When we do decide, usually on the spur of the moment there in the museum, to develop the PQA into little scenes, which I personally call “extending” PQA, we usually don’t extend it very far. Because if we do that (extend it very far), we find ourselves suddenly in a story.

Anyway, usually that kind of extending PQA into a story doesn’t work bc the story, being an extension of random CI (PQA), lacks pre-planned/targeted structures, and, for me at least, I don’t like to do stories that don’t have structures that I have gotten a lot of reps on first (they don’t work as well).

Compare this walking around the museum, with little extended scenes or not going on in there, with real stories, which is like leaving the museum and walking down the street with our classes to watch a real movie. The students now have a deeper, more compelling, set of images to relate to.

In the movie venue, facts and static images are replaced by action. The students want to know what is going to happen. This is big step. It is a whole new kind of comprehensible input, one that is more alive, one that has the potential to bring much greater interest. You know you are in this newer kind of CI when the students sit there and clearly could care less about anything except what happens next.

Sometimes, classes have ended and the kids don’t want to get kicked out of the movie theatre, as they were sitting there wanting to know what was going to happen next and realized that they had to go to their next class. That pisses them off and, when they walk out pissed, we know we have been doing good CI.

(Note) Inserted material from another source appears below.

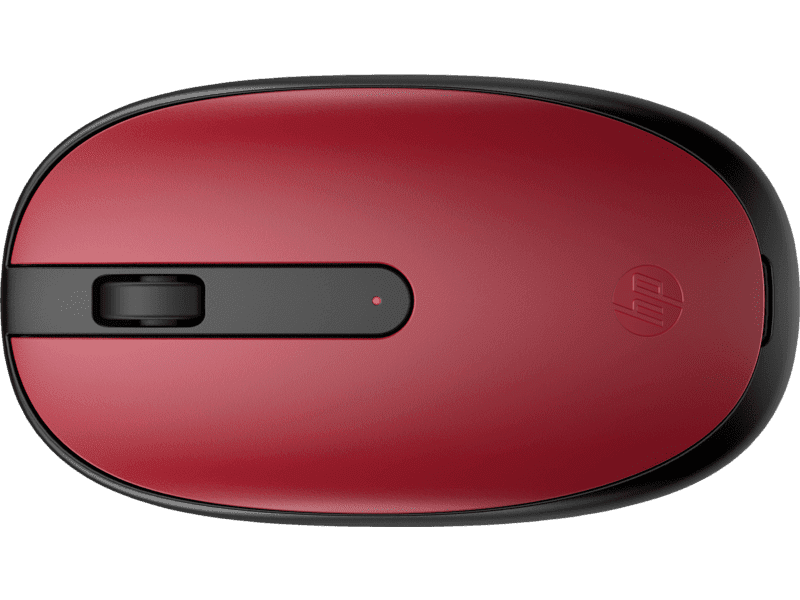 HP 240 Empire Red Bluetooth Mouse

They sometimes start arguing among themselves about how that story would have ended if we had had the time to finish it. When we see them wanting to know what happens next, we learn something about this method that can’t be put into words.

Sometimes classes – the reallly good ones – actually rebel against too many details that I establish while circling a story into existence. They tell me that they really want to get some action going on, with less character description and details like that.  They are so right to complain!

They want to see less trees and more forest! We should learn how to drive a story forward “through the trees” to an end point without sacrificing comprehensible input.

For me that means finding an entry path into a forest (the story) and following it through to the other side without getting distracted by too many details (trees). This finding an entry path is the challenge in learning how and when to move into a story from PQA.

Finding the entry path into the story is a big topic. It depends on what was said and which certain students got involved in the PQA and how and when and even if that information carries the potential to be married to the story which is waiting to become personalized (therefore real to the kids) on the stage of the classroom, as it were.

Yet I don’t like to be in a hurry with the PQA, because not enough PQA will make the story weak bc not enough reps were there to build a solid foundation for the story. This is an often forgotten main function of PQA – to get reps on the target structures so that the waiting story can be strong and interesting.

Some classes, anxious to get on to the story, have actually come up with a sign for “Speed Up!” to signal me when I fall into “the pit filled with the trees”. It is a whirling motion with a finger in the air. It is their message for me to move from details (PQA) to action (story).

So, as always, my students are my teachers, telling me to dump the details and get on with the story!

Of course, any comprehensible input is effective, but this flowing from the right amount of PQA into a story, at the right time, is something that we just have to get a lot of practice on. Going from Step 1 to Step 2 of TPRS is quite an adventure!